Biochemical and Biophysical Research Communications, Vol.541, 22-29, 2021
Normal aging induces PD-1-enriched exhausted microglia and A1-like reactive astrocytes in the hypothalamus
Hypothalamic aging is considered to be critical for systemic aging, and the accumulation of "exhausted glial cells" in the hypothalamus may contribute to brain dysfunction. In this study, we used normal aging mice and investigated aging-specific transcriptional identities of microglia and astrocytes in the hypothalamus. We confirmed that normal aging promoted anxiety, induced impairment of motor coordination and reduced physical strength of muscle in mice.
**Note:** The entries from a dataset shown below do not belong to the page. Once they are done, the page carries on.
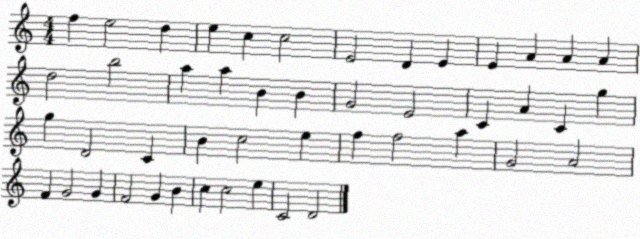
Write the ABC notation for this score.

X:1
T:Untitled
M:4/4
L:1/4
K:C
f e2 d e c c2 E2 D E E A A A d2 b2 a a B B G2 E2 C A C g g D2 C B c2 e f f2 a G2 A2 F G2 G F2 G B c c2 e C2 D2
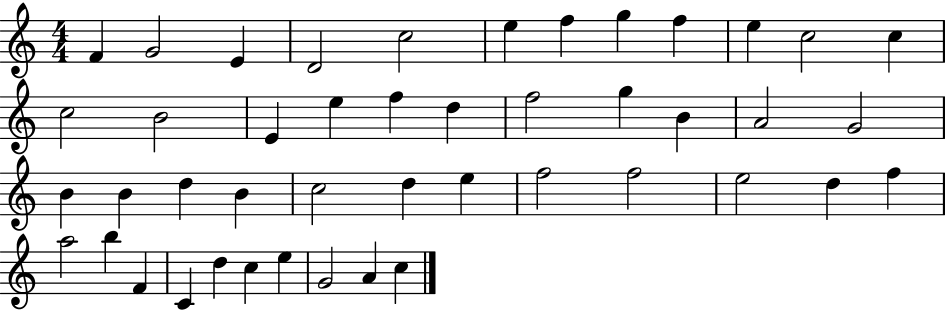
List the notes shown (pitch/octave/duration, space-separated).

F4/q G4/h E4/q D4/h C5/h E5/q F5/q G5/q F5/q E5/q C5/h C5/q C5/h B4/h E4/q E5/q F5/q D5/q F5/h G5/q B4/q A4/h G4/h B4/q B4/q D5/q B4/q C5/h D5/q E5/q F5/h F5/h E5/h D5/q F5/q A5/h B5/q F4/q C4/q D5/q C5/q E5/q G4/h A4/q C5/q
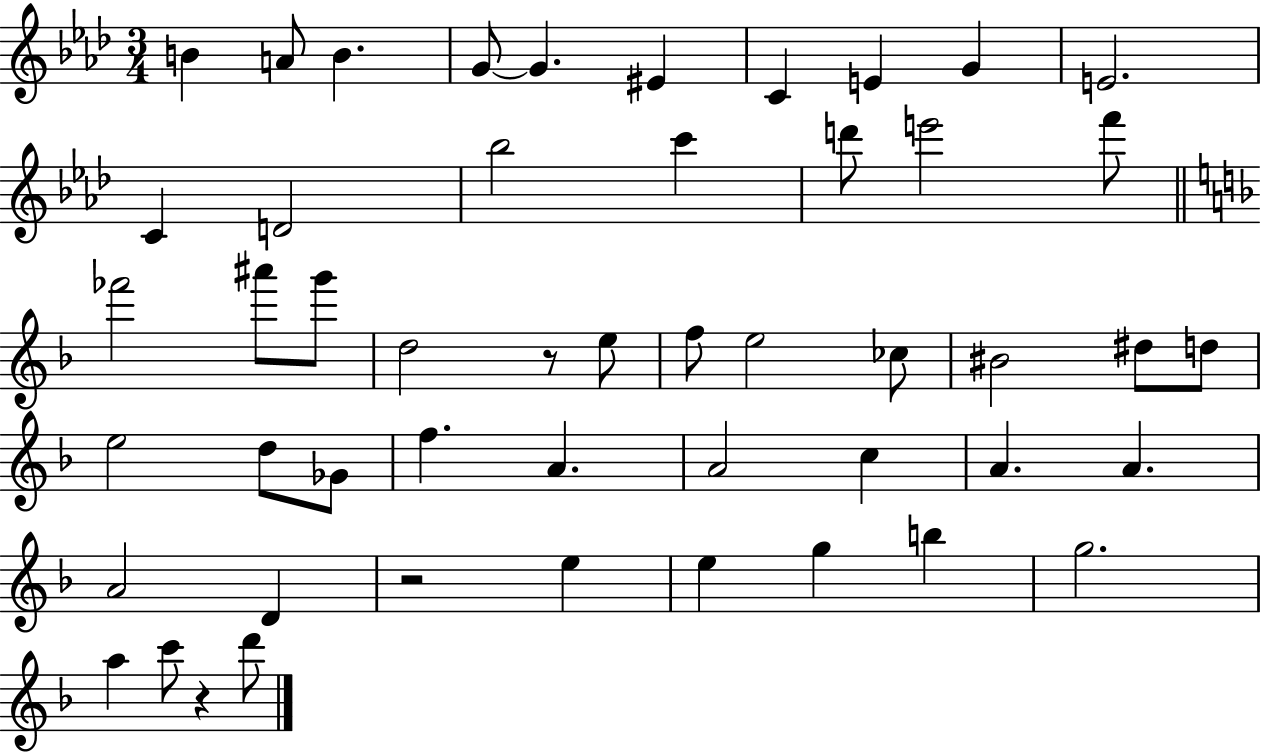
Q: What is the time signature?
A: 3/4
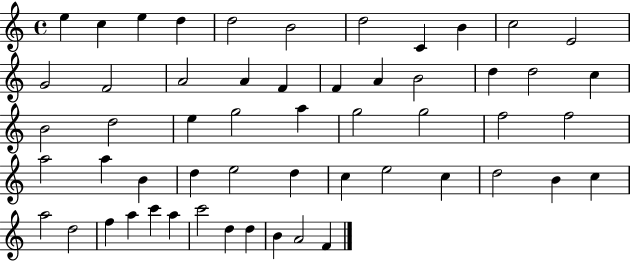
{
  \clef treble
  \time 4/4
  \defaultTimeSignature
  \key c \major
  e''4 c''4 e''4 d''4 | d''2 b'2 | d''2 c'4 b'4 | c''2 e'2 | \break g'2 f'2 | a'2 a'4 f'4 | f'4 a'4 b'2 | d''4 d''2 c''4 | \break b'2 d''2 | e''4 g''2 a''4 | g''2 g''2 | f''2 f''2 | \break a''2 a''4 b'4 | d''4 e''2 d''4 | c''4 e''2 c''4 | d''2 b'4 c''4 | \break a''2 d''2 | f''4 a''4 c'''4 a''4 | c'''2 d''4 d''4 | b'4 a'2 f'4 | \break \bar "|."
}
To investigate the senescence of hypothalamic glial cells, we isolated CD11b-positive microglia and ACSA-2-positive astrocytes from the hypothalamus of aged mice using magnetic-activated cell sorting (MACS). The mRNA level of p16(INK4A) was dramatically increased in the hypothalamic microglia of aged mice compared to young mice. Furthermore, the expression of programmed cell death 1 (PD-1) as well as A1-like astrocyte mediators in the hypothalamic microglia was dramatically induced by aging, indicating that normal aging may produce PD-1-enriched "exhausted microglia" in the hypothalamus. Furthermore, neuroinflammatory A1-like reactive astrocytes with a p16(INK4A)-positive senescent state were predominantly detected in the hypothalamus of aged mice. Exhausted microglia were also detected in the prefrontal cortex of aged mice, whereas astrocytic neuroinflammation was milder than that observed in the hypothalamus, even with p16(INK4A)-positive senescence. These results suggest that the production of PD-1-enriched exhausted and senescent microglia and neuroinflammatory A1-like reactive astrocytes in the hypothalamus may partly contribute to aging-related emotional and physical dyscoordination. (C) 2020 Published by Elsevier Inc.